→ **TASK GOAL**
What is needed is a word-for-word copy of the listing below, without pictures.

→ **SUPPLIED INFORMATION**
※ ※ ※
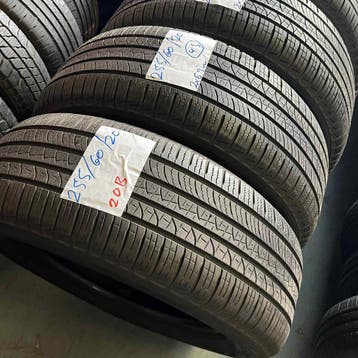 2 x Pirelli 255-60-20 4 Seizoenbanden 6,5mm, Gebruikt, 255 mm, Ophalen of Verzenden, All Season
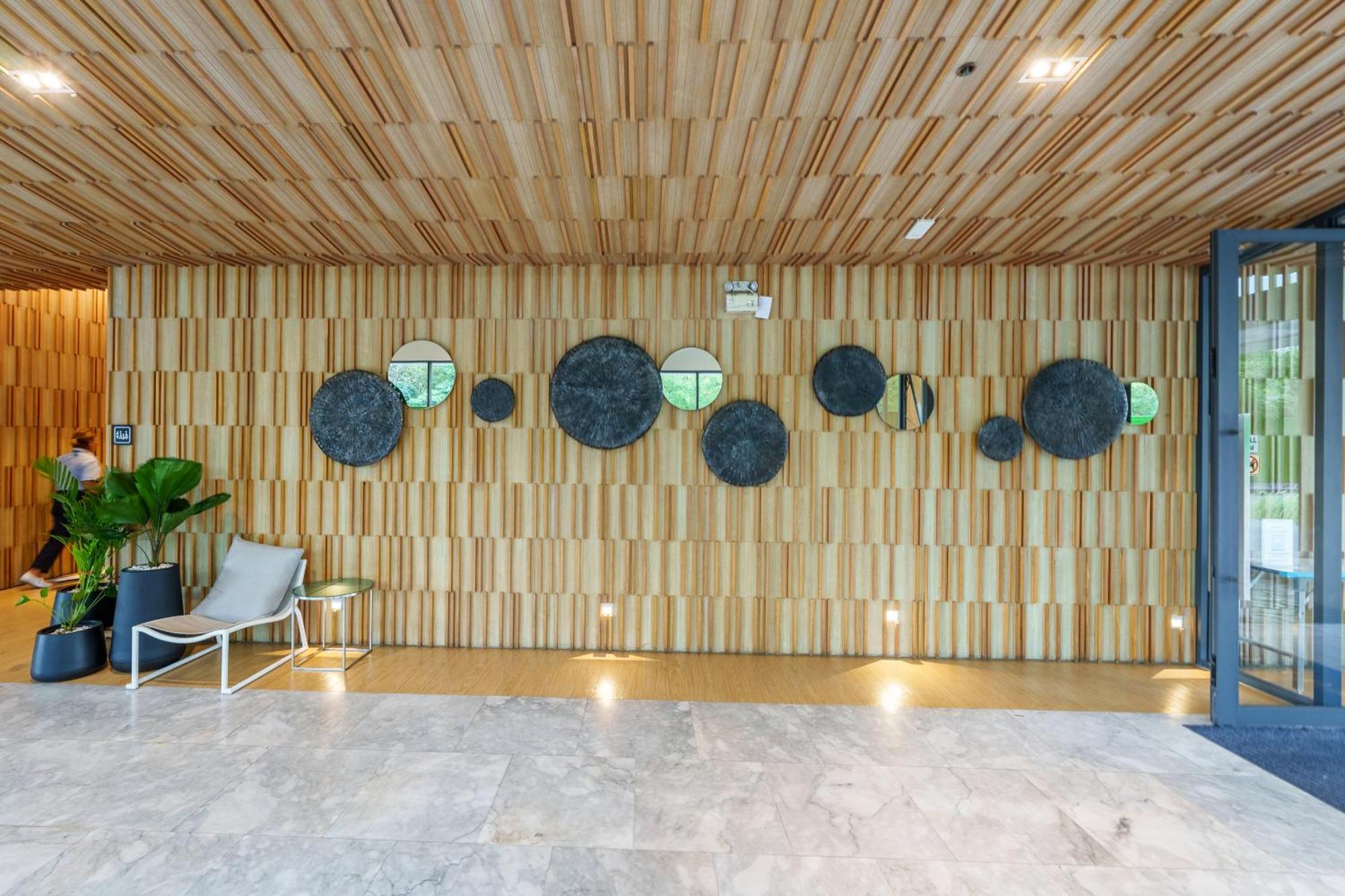 Veranda Residence By Ning Pantai Jomtien Bagian luar foto
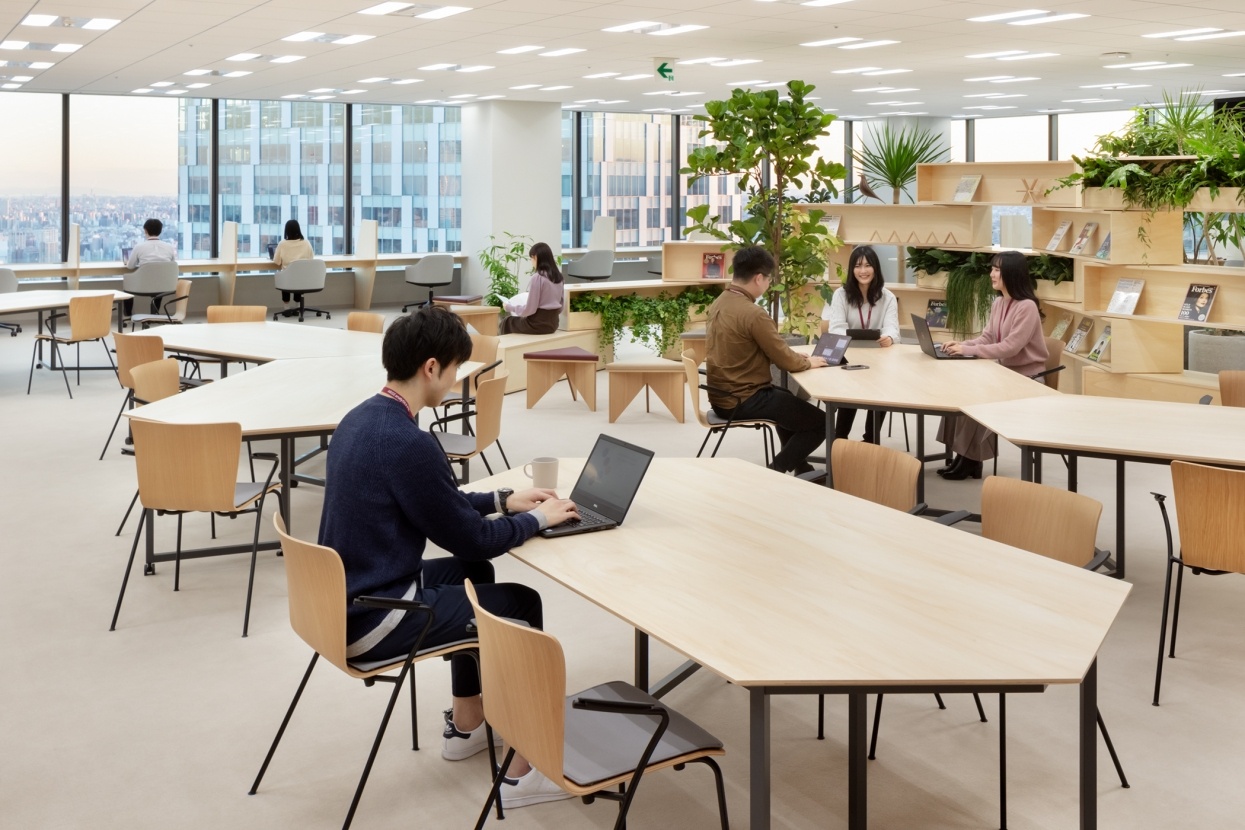 公式noteにて「いま、必要とされるオフィスを創るために。オフィス改修を手掛けた建築家 神谷修平さん（カミヤアーキテクツ）にインタビュー！」という記事を公開しました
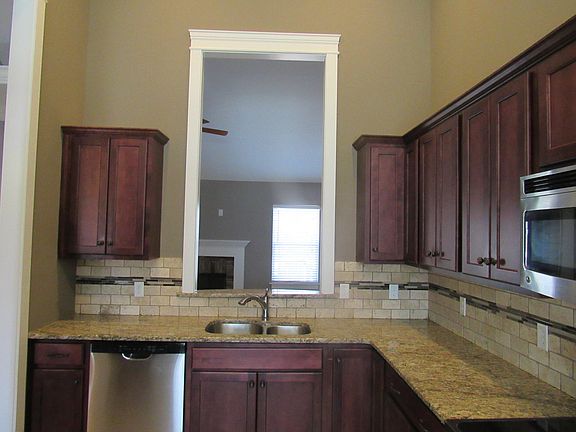 5th image of 6390 Frankfurt Rd Unit 1177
※ ※ ※
→ **TASK ANSWER**
 2 x Pirelli 255-60-20 4 Seizoenbanden 6,5mm, Gebruikt, 255 mm, Ophalen of Verzenden, All Season
 Veranda Residence By Ning Pantai Jomtien Bagian luar foto
 公式noteにて「いま、必要とされるオフィスを創るために。オフィス改修を手掛けた建築家 神谷修平さん（カミヤアーキテクツ）にインタビュー！」という記事を公開しました
 5th image of 6390 Frankfurt Rd Unit 1177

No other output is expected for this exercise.